RECORD SET -
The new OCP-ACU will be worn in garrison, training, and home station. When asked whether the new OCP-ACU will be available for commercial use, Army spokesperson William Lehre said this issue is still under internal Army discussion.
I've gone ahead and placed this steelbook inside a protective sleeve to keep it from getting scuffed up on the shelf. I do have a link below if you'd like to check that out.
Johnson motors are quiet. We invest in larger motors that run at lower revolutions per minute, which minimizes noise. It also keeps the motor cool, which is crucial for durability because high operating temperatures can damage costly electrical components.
--
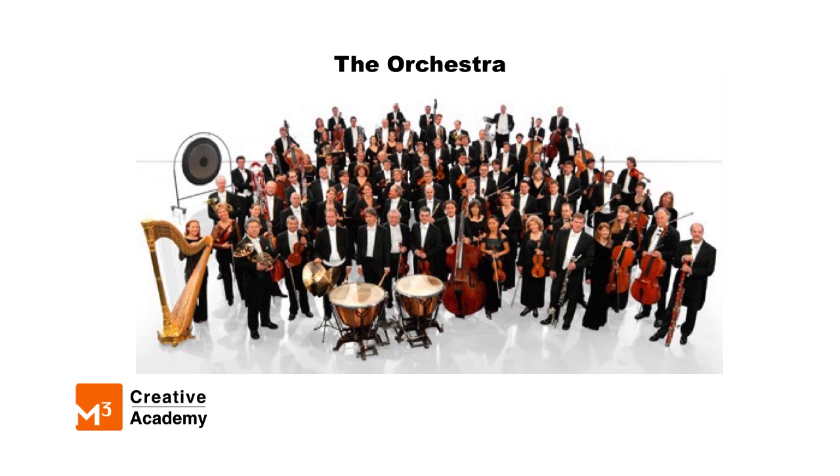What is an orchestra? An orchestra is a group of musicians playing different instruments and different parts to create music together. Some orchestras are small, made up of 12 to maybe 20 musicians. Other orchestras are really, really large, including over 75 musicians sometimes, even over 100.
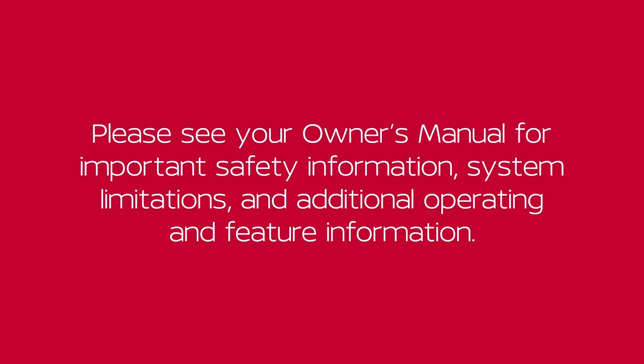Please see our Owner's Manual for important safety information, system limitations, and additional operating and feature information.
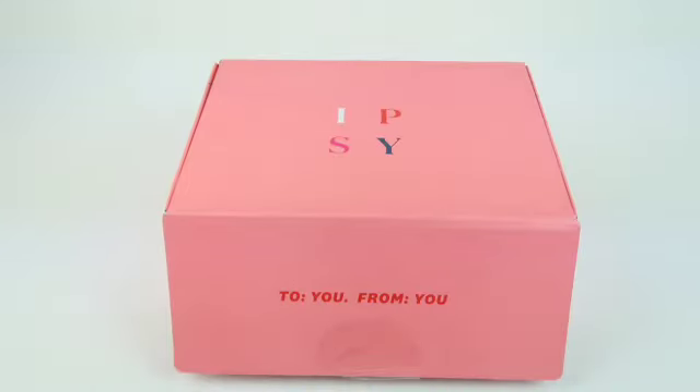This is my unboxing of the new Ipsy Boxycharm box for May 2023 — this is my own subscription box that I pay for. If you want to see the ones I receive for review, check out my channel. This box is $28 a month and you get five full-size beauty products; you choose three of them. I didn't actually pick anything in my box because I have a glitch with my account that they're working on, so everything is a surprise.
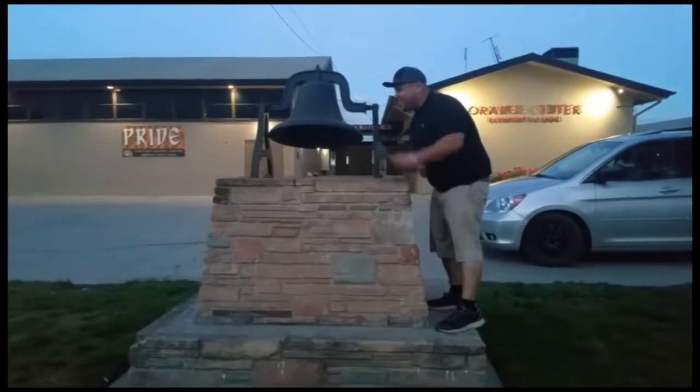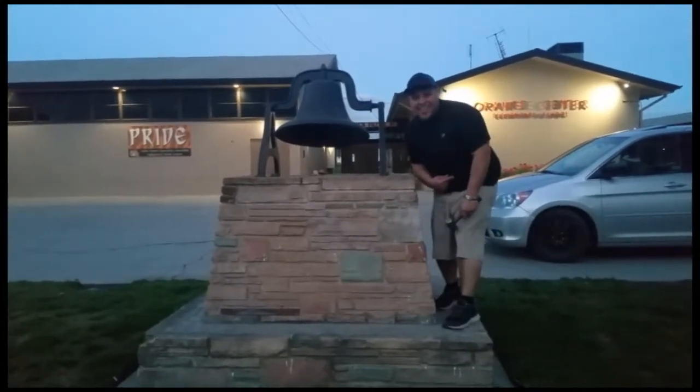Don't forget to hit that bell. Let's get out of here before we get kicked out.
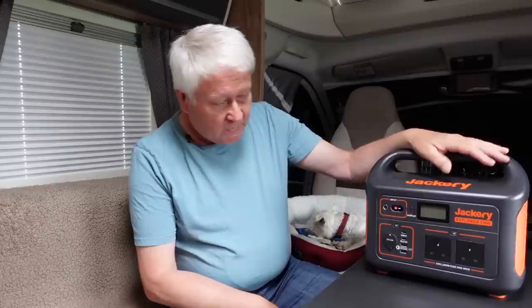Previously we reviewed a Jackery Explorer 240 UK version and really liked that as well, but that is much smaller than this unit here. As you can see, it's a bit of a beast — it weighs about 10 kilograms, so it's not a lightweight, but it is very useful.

WHAT IS NEEDED -
From the data above, return exactly the lines from the one with "Please see our" up to and including the one with "Previously we reviewed". Pictures do not go in the copy.

EXPECTED ANSWER -
Please see our Owner's Manual for important safety information, system limitations, and additional operating and feature information.
This is my unboxing of the new Ipsy Boxycharm box for May 2023 — this is my own subscription box that I pay for. If you want to see the ones I receive for review, check out my channel. This box is $28 a month and you get five full-size beauty products; you choose three of them. I didn't actually pick anything in my box because I have a glitch with my account that they're working on, so everything is a surprise.
Don't forget to hit that bell. Let's get out of here before we get kicked out.
Previously we reviewed a Jackery Explorer 240 UK version and really liked that as well, but that is much smaller than this unit here. As you can see, it's a bit of a beast — it weighs about 10 kilograms, so it's not a lightweight, but it is very useful.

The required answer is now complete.